### Data excerpts
──────────

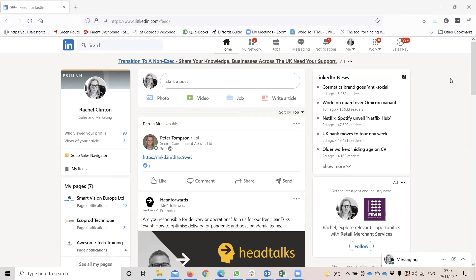Hello. In this quick video, I just wanted to show you around the navigation of how to find groups on LinkedIn.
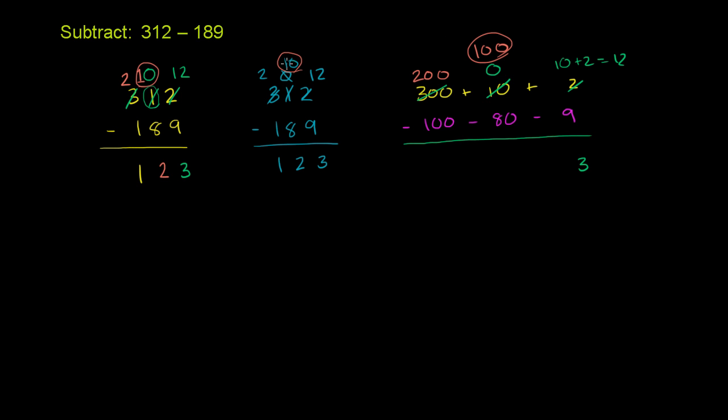But what's good about this is we can now subtract. 100 minus 80 is 20. And then finally, we have 200 minus 100, which is 100. So we get 100 plus 20 plus 3, which is the same thing as 123.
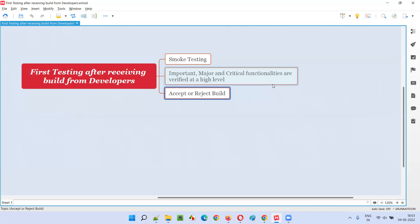With reference to those defects, we prepare an email informing the developers that because of specific defects in the important, major, and critical functionalities tested at a high level, the smoke testing has failed. Since smoke testing has failed, we cannot proceed with in-depth testing, and therefore we are rejecting the build. We will wait for the next build, which may pass smoke testing.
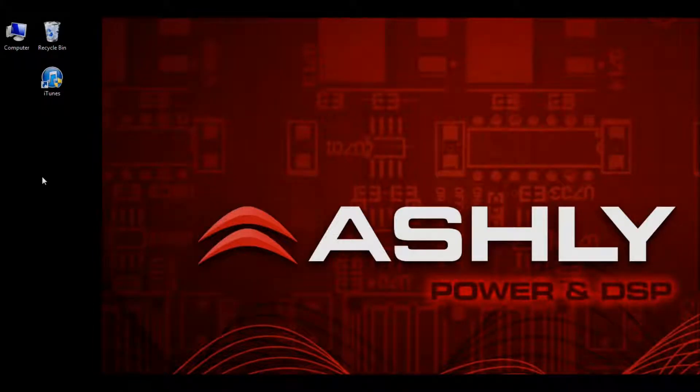Hello, my name is Philip and I'm a developer here with Ashley Audio. In this video, we're going to cover exporting your design files from your Ashley Remote app on your iPad.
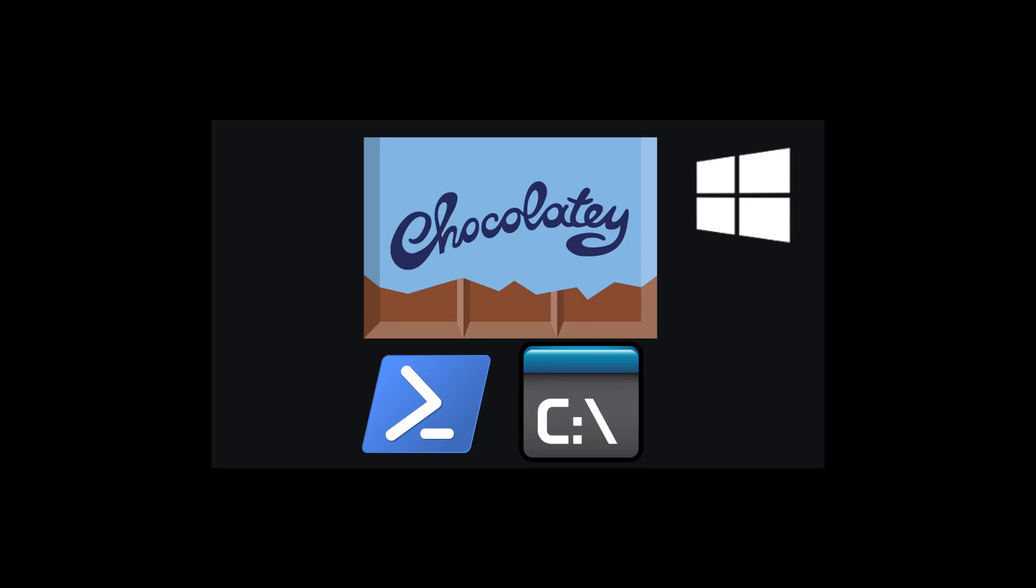Hey guys, in this tutorial, I'm going to show you how to install Chocolatey on Windows using CMD command prompt, as opposed to PowerShell.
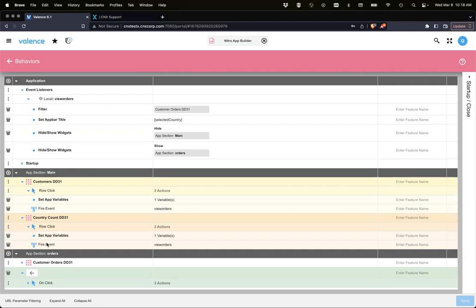Sorry for the poor data setup in the beginning, but hopefully the point is clear on how this works and why you might want to use local events. You'll find yourself repeating a lot of actions in behaviors, and local events can clean that up so you only have one area where you're handling it. And it might also just be visually easier to look at in behaviors.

──────────

### Brief
All lines above starting at the one with "With reference to" and ending at the one with "Hello, my name", inclusive, are to be printed again exactly, with the pictures left out.

### Solution to the problem
With reference to those defects, we prepare an email informing the developers that because of specific defects in the important, major, and critical functionalities tested at a high level, the smoke testing has failed. Since smoke testing has failed, we cannot proceed with in-depth testing, and therefore we are rejecting the build. We will wait for the next build, which may pass smoke testing.
Hello, my name is Philip and I'm a developer here with Ashley Audio. In this video, we're going to cover exporting your design files from your Ashley Remote app on your iPad.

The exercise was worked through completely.